She had a South African flag draped over her shoulders and carried a big photo of Mandela as she stood in line at the stadium.

Rohan Laird, the 54-year-old CEO of a health insurance company, said he grew up during white rule in a "privileged position" as a white South African and that Mandela helped whites work through a burden of guilt.

"His reconciliation allowed whites to be released themselves," Laird said. "I honestly don't think the world will see another leader like Nelson Mandela."

A dazzling mix of royalty, statesmen and celebrities was in attendance.

Thabo Mbeki, who succeeded Mandela as president, got a rousing cheer as he entered the stands. French President Francois Hollande and his predecessor and rival, Nicolas Sarkozy, arrived together. U.N. Secretary-General Ban Ki-moon waved and bowed to spectators.

Mandela's widow, Graca Machel, and his former wife, Winnie Madikizela-Mandela, gave each other a long hug before the ceremonies began.

Actress Charlize Theron, model Naomi Campbell and singer Bono were among the celebrities paying final tribute.

Symbolically, Tuesday was the 20th anniversary of the day when Mandela and South Africa's last apartheid-era president, F.W. de Klerk, received the Nobel Peace Prize.
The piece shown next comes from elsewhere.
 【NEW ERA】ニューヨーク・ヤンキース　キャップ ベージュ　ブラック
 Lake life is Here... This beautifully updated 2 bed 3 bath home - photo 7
De Klerk, a political rival who became friends with Mandela, was also in the stadium.

In his Nobel acceptance speech at the time, Mandela said: "We live with the hope that as she battles to remake herself, South Africa will be like a microcosm of the new world that is striving to be born."

The rain was seen as a blessing among many of South Africa's majority black population.

"Only great, great people are memorialized with it," said Harry Tshabalala, a driver for the justice ministry. "Rain is life. This is perfect weather for us on this occasion."

People blew on vuvuzelas, the plastic horn that was widely used during the 2010 World Cup soccer tournament in South Africa, and sang songs from the era of the anti-apartheid struggle decades earlier.

"It is a moment of sadness celebrated by song and dance, which is what we South Africans do," said Xolisa Madywabe, CEO of a South African investment firm.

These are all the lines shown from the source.